Jan
Regular
I thought this had been posted here before but I don't see it. Mira Furlan's Autobiography is now available to order and the website says that orders prior to November 22 will get something extra.
https://mirafurlan.net/select-area/
Love me more than anything in the world: stories about belonging
“Love Me More Than Anything In The World” is a book that evokes not only Mira Furlan but a whole world, like Atlantis submerged but not forgotten, with a lot of sentiment and feelings, and always uncompromising, with many tears and laughter.

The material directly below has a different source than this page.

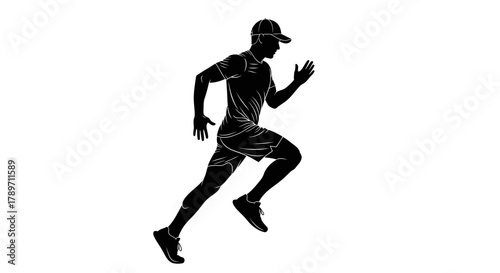 Dynamic male runner silhouetted in action, capturing speed and determination for fitness and sports campaigns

So far you have known Mira Furlan, an actress, and after this book you will know Mira Furlan – a person.
https://mirafurlan.net/select-area/
Love me more than anything in the world: stories about belonging
An Excerpt
Am I writing this book for you? So that you can understand what came before you?
So that you can get a glimpse into a distant, long gone world that your parents came from? Do you even want to know about it? Do you need that heavy baggage, the baggage that your mother keeps dragging through her life, without ever finding a way of putting it down, if only for a second?
Or am I writing it for an anonymous American reader who has barely heard of me, let alone the country of my birth? Am I writing it as a warning? Am I trying to say: “I told you so?” And do I want to add (without daring to say it out loud): “… but you didn’t listen?”
Or am I writing it for myself, to myself? Why? Is it to “understand myself better” by trying to detect the hidden “story” in the scattered, illogical, messy narrative of my life?
And while I’ve been trying to answer these unanswerable questions, toiling over words in a language that is not mine (although I audaciously pretend it is), something very strange has happened: you have grown up. Not only that: America has become a different country, a country ominously similar to the place we once left in horror and despair. There is no doubt anymore that the forces that chased us out of our own homes have won a global victory. We fought those forces once. Now we feel tired. We are exhausted by repetition.
And, strangely enough, this book is becoming a different book. It is no longer a book of memories of a distant place and a distant time. It is becoming something very different: a plea to America and the world.